The association can be extended to lines and line segments. All the points on one line or line segment are associated with all the points on another line or line segment.For line segments it is enough for the end points to be associated. For example,
_______________ ________
are two parallel line segments. Suppose the end points are labeled as follows:
A_______________B A'________B'
or they could be labelled as:
A_______________B B'________A'
In the first labelling, AB and A'B' are said to have the same orientation. In the second labelling AB and B'A' are said to have opposite orientation.
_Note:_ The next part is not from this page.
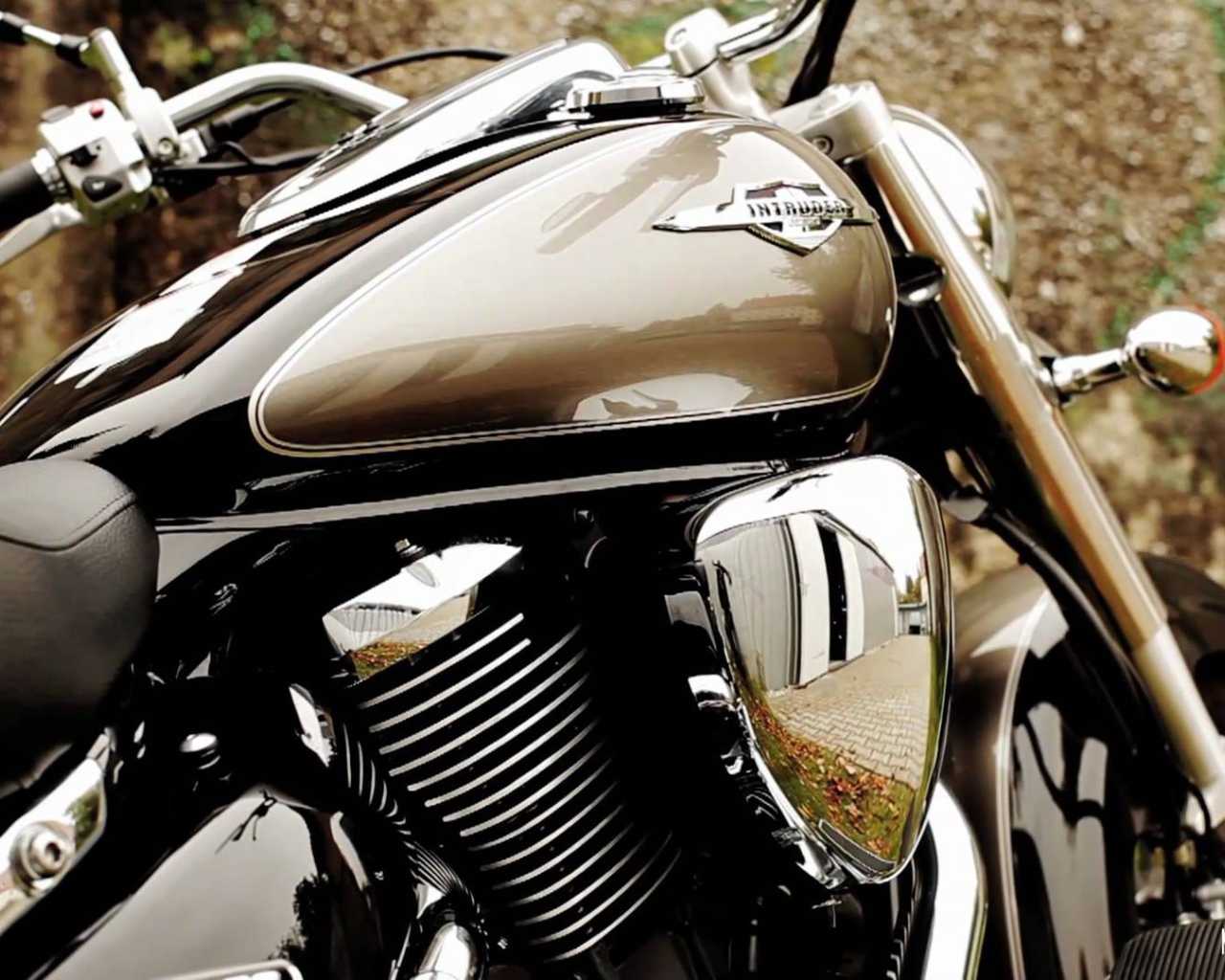 Невероятный мотоцикл Suzuki Intruder C800C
Circular motion can also be given orientation. There are two ways to go around a point: clockwise and counter-clockwise. The hands of a clock always go clockwise.However, looking down at a race track, the cars racing on it may go in a counter-clockwise motion. Motion going clockwise areound a point and motion going counter-clockwise around a point are said to have opposite (circular) orientation. If the motions are both clockwise or both counter-clockwise, they are said to have the same (circular) orientation.
The same is true with the labelling of two simply closed polygons. The adjacent vertices of one polygon are labelled with letters in alphabetic order or numbers in increasing order. There is an association between the vertices of the first polygon and the vertices of the second polygon. If the two orderings are both clockwise or both counter-clockwise (see Fig 1 and Fig 2) then the two polygons have the same orientation. But if they have opposite orderings (see Fig 1 and Fig 3), then they have opposite orientations.
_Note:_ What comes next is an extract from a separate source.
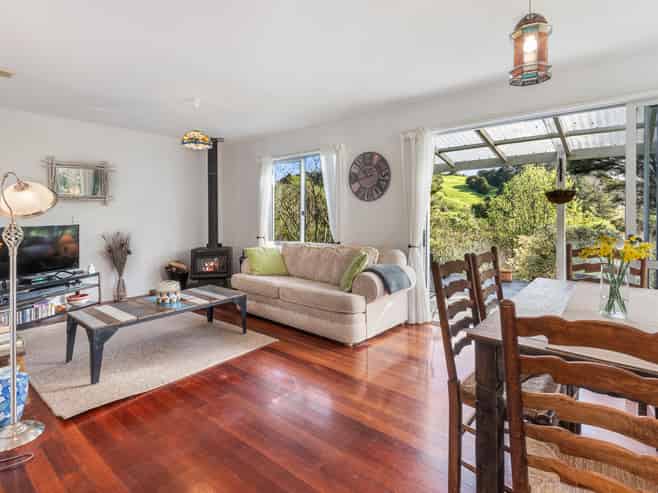 4 Paparoa Station Road, Paparoa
Angles may have an initial side and a terminal is a motion about the vertex. It may be clockwise or counter-clockwise. If the motions are both clockwise or both counter-clockwise for two angles in a plane, then the angles have the same (angular) orientation. If one is clockwise and the other is counter-clockwise then they have oppossite (angular) orientation.
In circular mostion, it is customary to call counter-clockwise motion positive, and clockwise motion negative. But usually it is more important to compare orientations, that is, see if two orientations involved are the same or opposite.
Intuitive statement of the following discussion
Without color the two figures to the right show two congruent figures, two circles with four radii in each. With color there is a pair of angles in each circle. If the red and blue angles are congruent in one figure then the red and blue angles are congruent in the other figure. Notice that the red angle in one figure is not contruent to the red angle in the other figure, nor are the blue angles congruent. Congruency of angles need ot occur between figures, but may occur inside each figure.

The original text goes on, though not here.